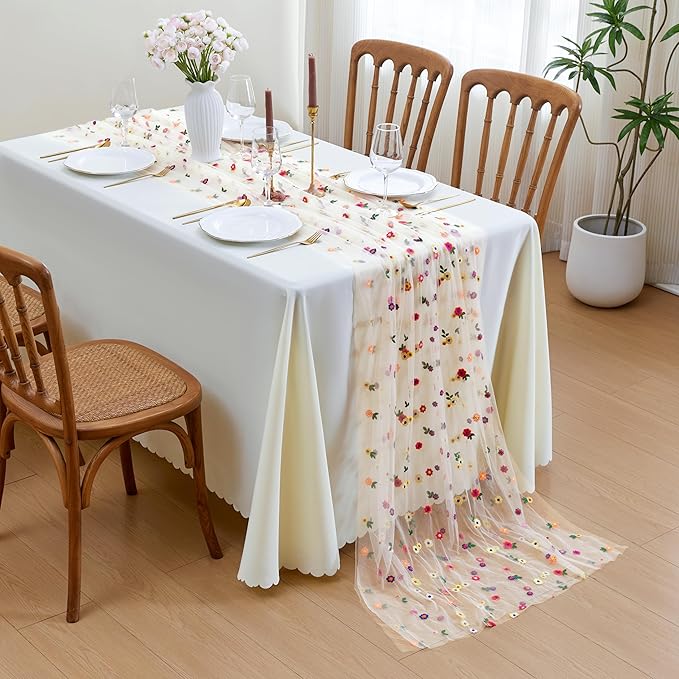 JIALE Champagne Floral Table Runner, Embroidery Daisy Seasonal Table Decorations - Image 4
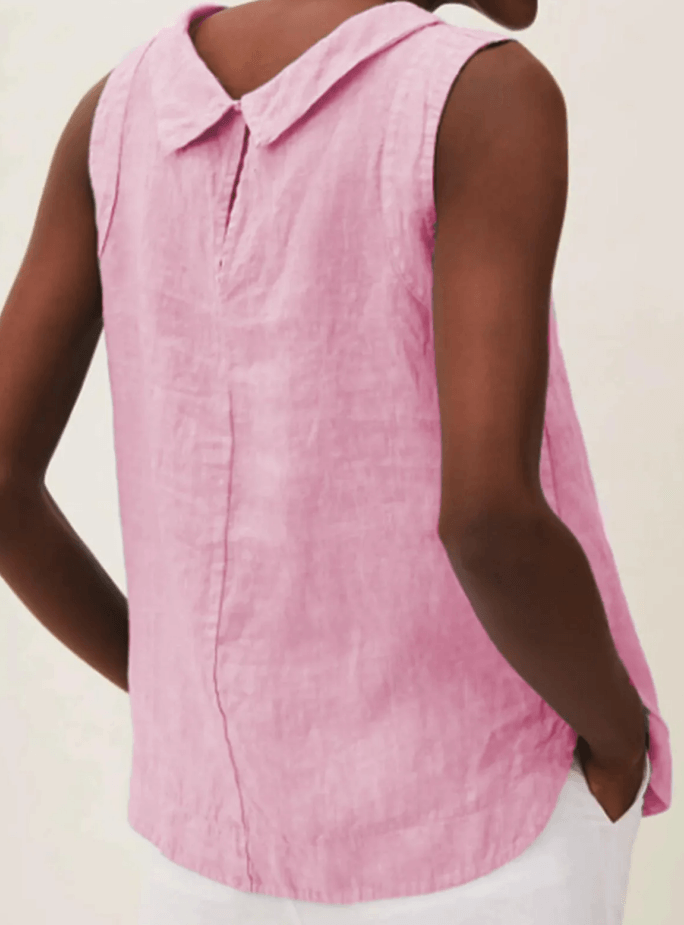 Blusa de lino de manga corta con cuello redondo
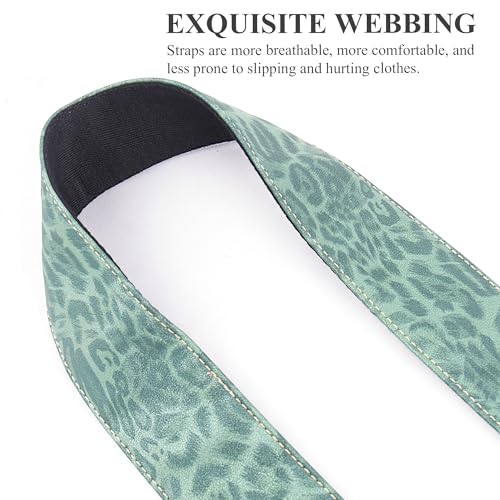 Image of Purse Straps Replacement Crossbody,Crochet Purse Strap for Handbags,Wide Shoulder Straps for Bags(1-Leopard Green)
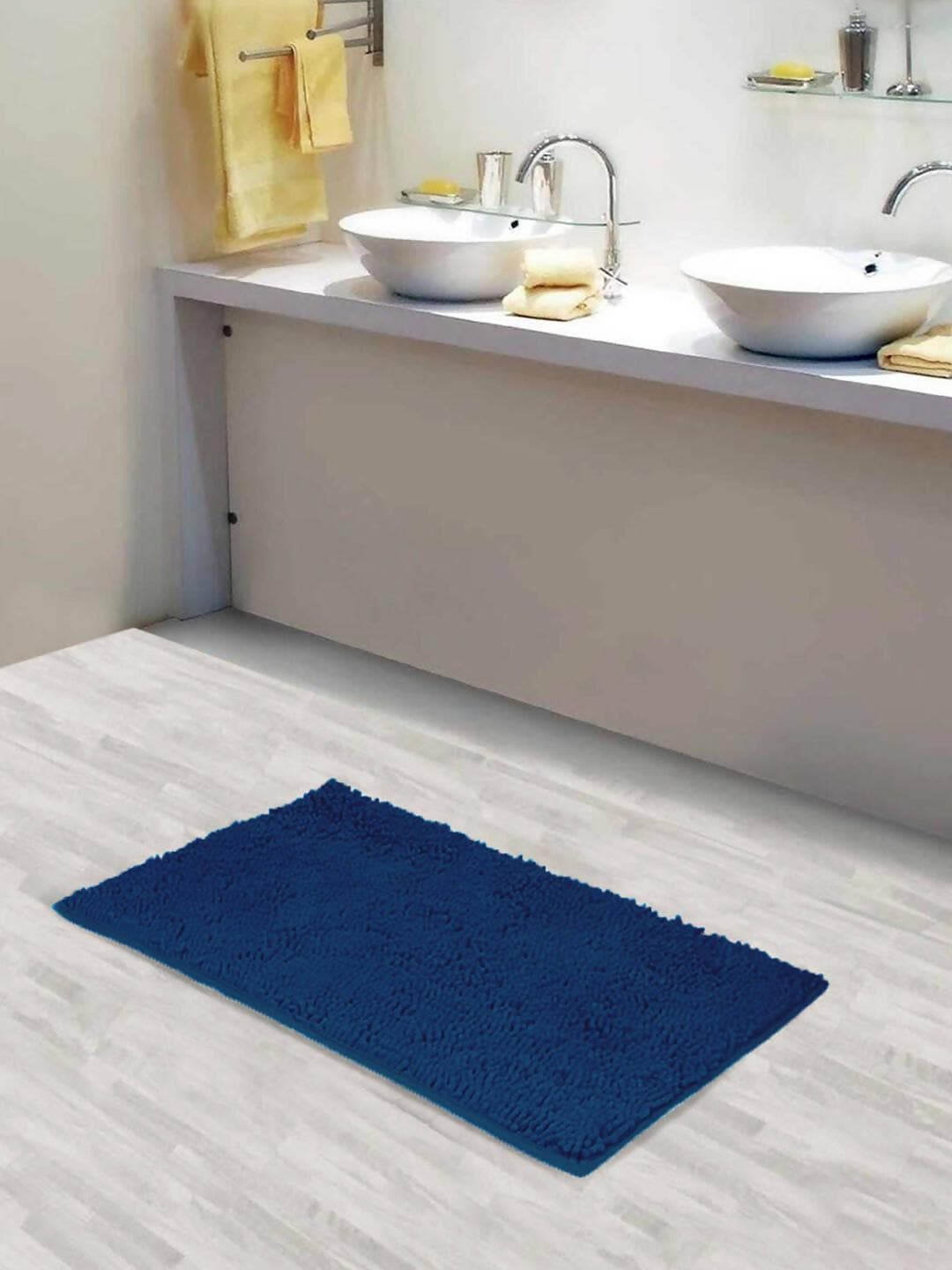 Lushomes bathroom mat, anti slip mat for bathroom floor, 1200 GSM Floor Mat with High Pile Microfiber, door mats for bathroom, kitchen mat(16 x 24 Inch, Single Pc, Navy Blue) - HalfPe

What to do:
All of the material above needs to be restated exactly, with no pictures.

Solution:
 JIALE Champagne Floral Table Runner, Embroidery Daisy Seasonal Table Decorations - Image 4
 Blusa de lino de manga corta con cuello redondo
 Image of Purse Straps Replacement Crossbody,Crochet Purse Strap for Handbags,Wide Shoulder Straps for Bags(1-Leopard Green)
 Lushomes bathroom mat, anti slip mat for bathroom floor, 1200 GSM Floor Mat with High Pile Microfiber, door mats for bathroom, kitchen mat(16 x 24 Inch, Single Pc, Navy Blue) - HalfPe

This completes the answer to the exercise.